:: About this exercise ::
Under this line is a listing; return exactly the lines starting at the one with "Victorian brass and" and running down to the one with "French Antique St.", and leave out its pictures.

== Data excerpts ==

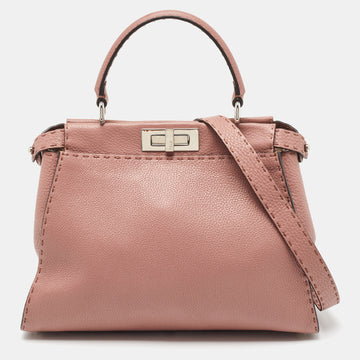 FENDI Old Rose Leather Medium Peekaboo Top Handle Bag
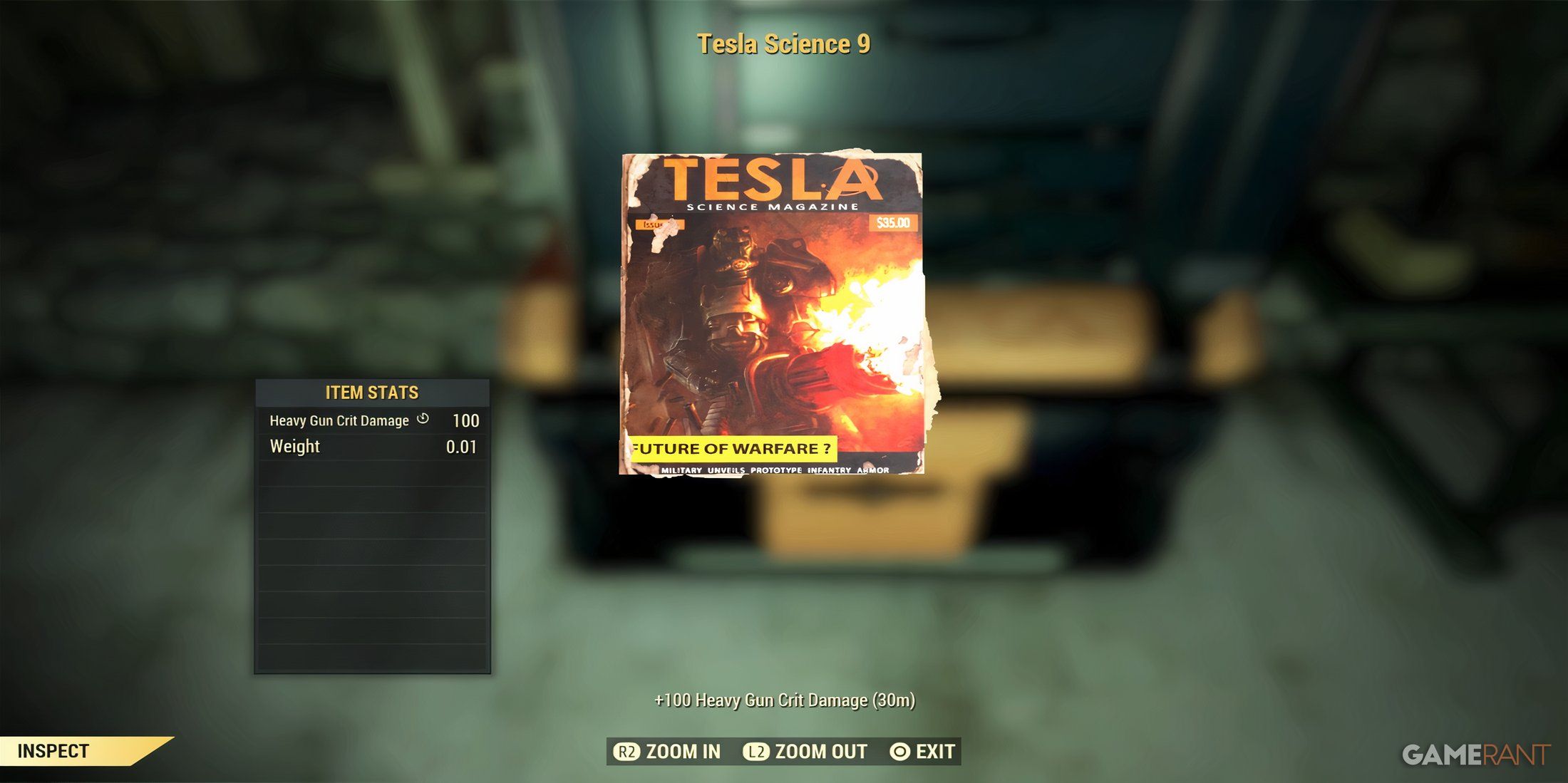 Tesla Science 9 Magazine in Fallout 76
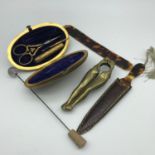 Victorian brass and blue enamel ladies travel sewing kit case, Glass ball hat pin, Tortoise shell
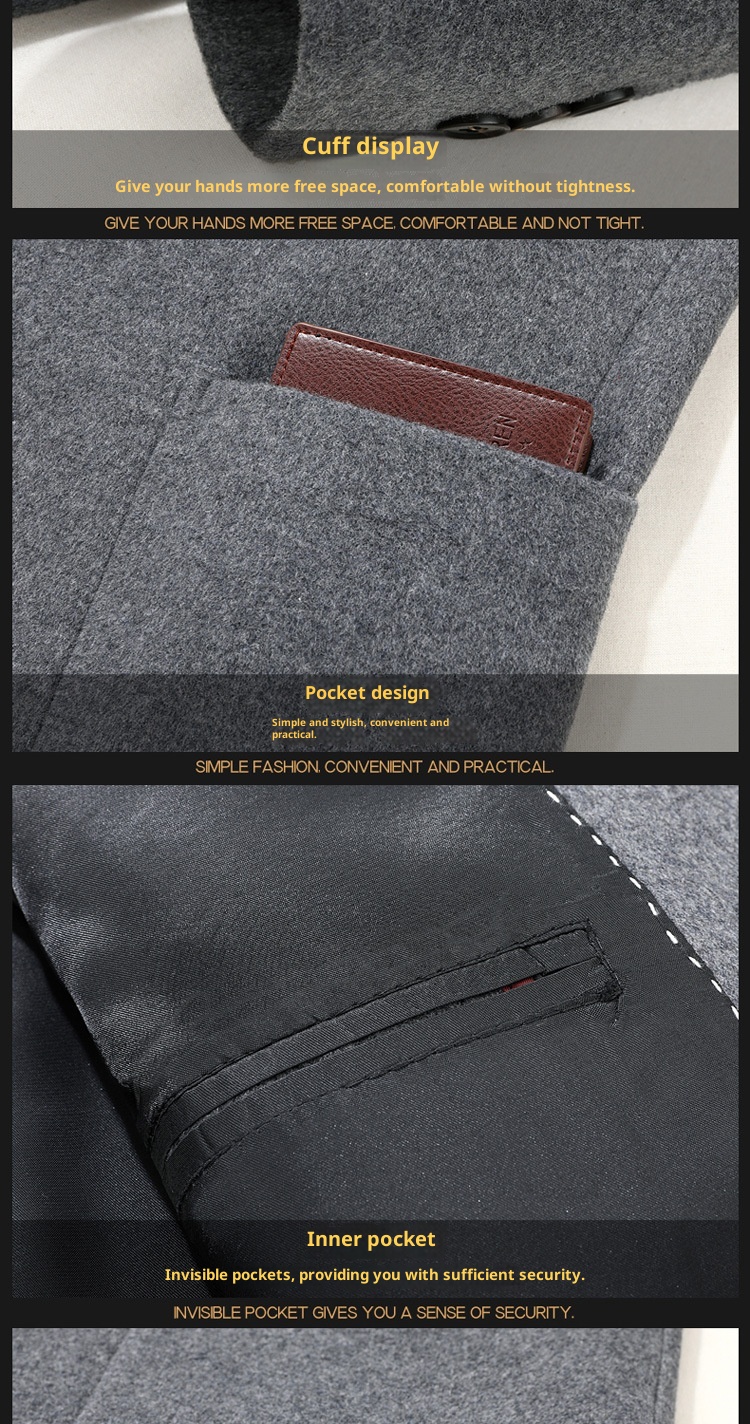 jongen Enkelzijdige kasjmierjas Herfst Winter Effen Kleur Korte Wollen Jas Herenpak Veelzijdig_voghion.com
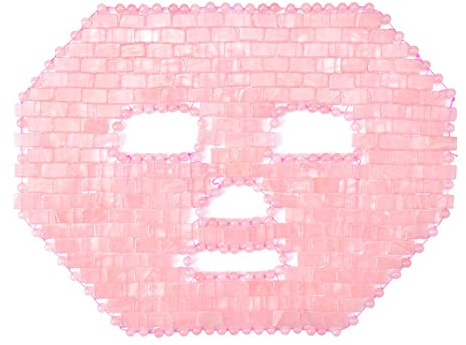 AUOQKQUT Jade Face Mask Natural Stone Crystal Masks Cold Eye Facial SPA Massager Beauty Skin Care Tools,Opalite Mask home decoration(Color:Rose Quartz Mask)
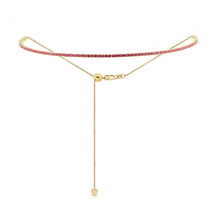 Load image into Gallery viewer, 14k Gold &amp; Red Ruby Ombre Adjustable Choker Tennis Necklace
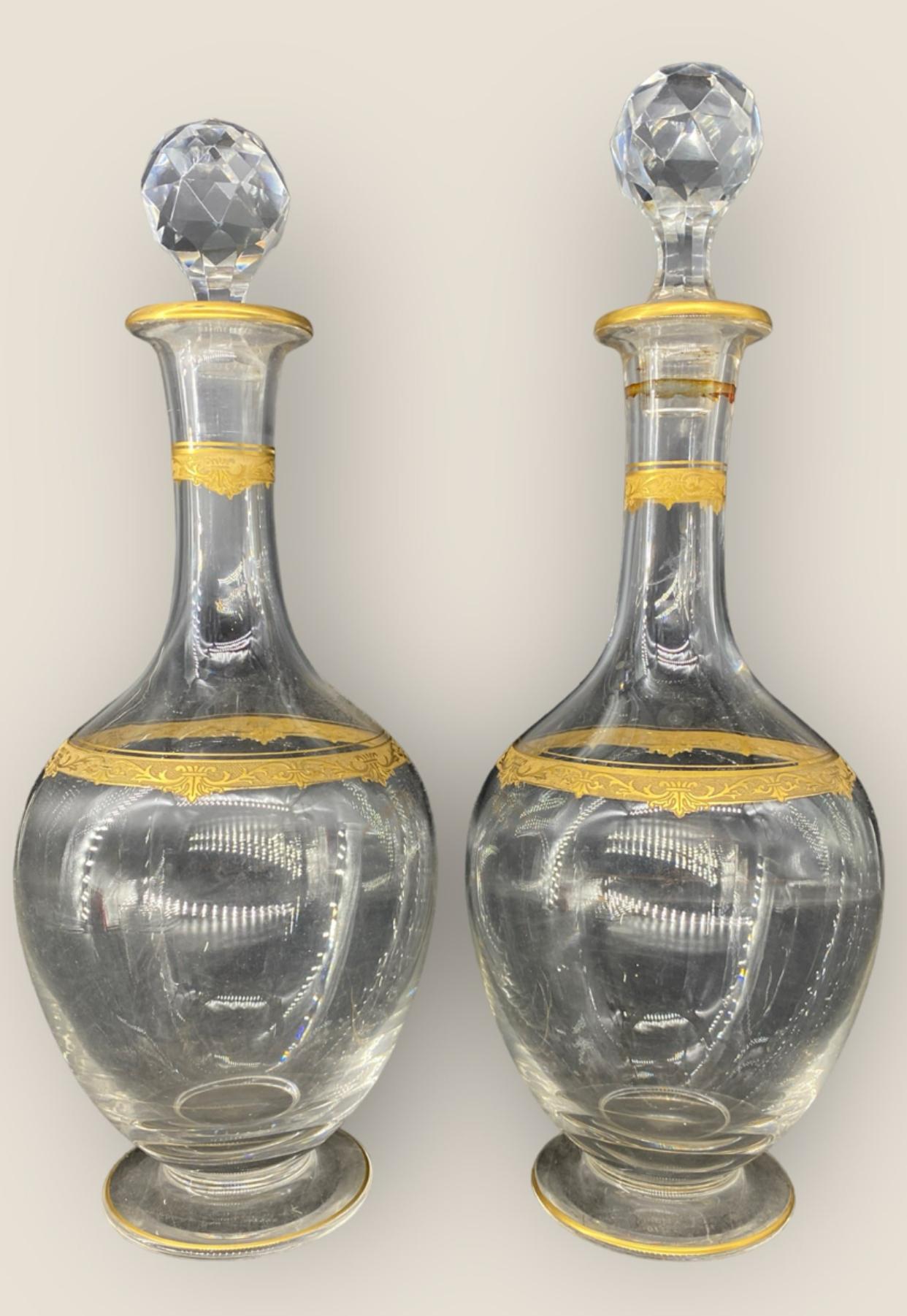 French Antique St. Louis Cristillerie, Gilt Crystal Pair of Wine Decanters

===
== Data excerpts ==

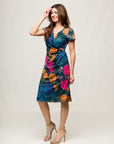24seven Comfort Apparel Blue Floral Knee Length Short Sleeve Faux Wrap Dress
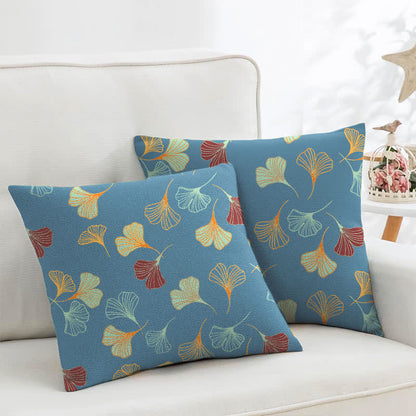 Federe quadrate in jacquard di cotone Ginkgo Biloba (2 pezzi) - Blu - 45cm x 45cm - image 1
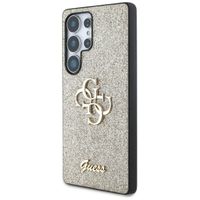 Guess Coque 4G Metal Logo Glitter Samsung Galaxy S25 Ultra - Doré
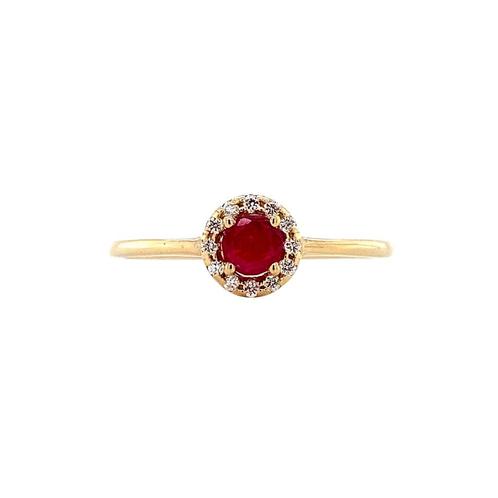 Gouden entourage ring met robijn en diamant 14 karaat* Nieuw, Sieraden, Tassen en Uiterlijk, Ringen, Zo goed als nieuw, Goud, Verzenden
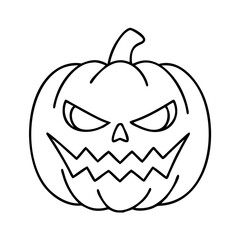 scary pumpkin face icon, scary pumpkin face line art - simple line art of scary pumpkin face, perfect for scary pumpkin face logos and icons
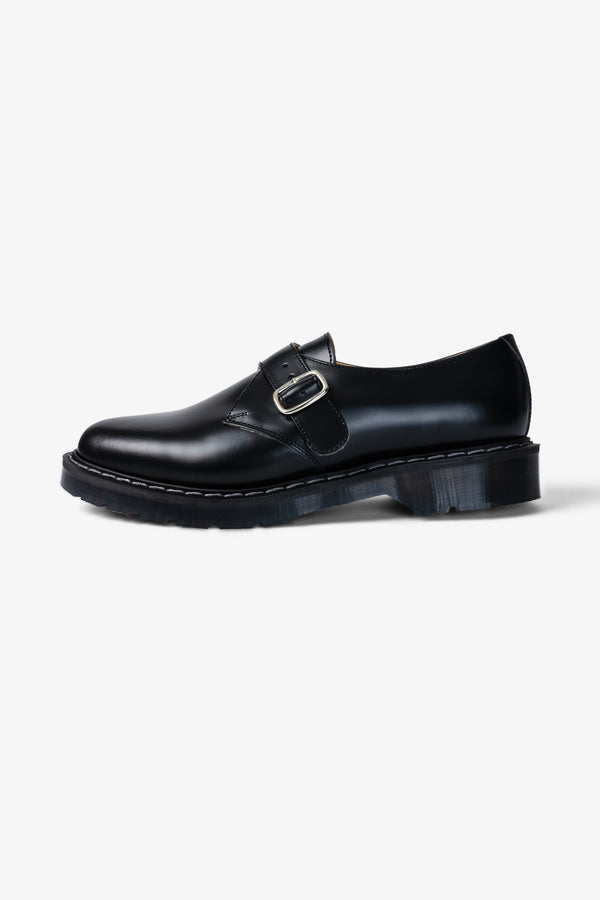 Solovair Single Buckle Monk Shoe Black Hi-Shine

===

:: Expected answer ::
 Victorian brass and blue enamel ladies travel sewing kit case, Glass ball hat pin, Tortoise shell
 jongen Enkelzijdige kasjmierjas Herfst Winter Effen Kleur Korte Wollen Jas Herenpak Veelzijdig_voghion.com
 AUOQKQUT Jade Face Mask Natural Stone Crystal Masks Cold Eye Facial SPA Massager Beauty Skin Care Tools,Opalite Mask home decoration(Color:Rose Quartz Mask)
 Load image into Gallery viewer, 14k Gold &amp; Red Ruby Ombre Adjustable Choker Tennis Necklace
 French Antique St. Louis Cristillerie, Gilt Crystal Pair of Wine Decanters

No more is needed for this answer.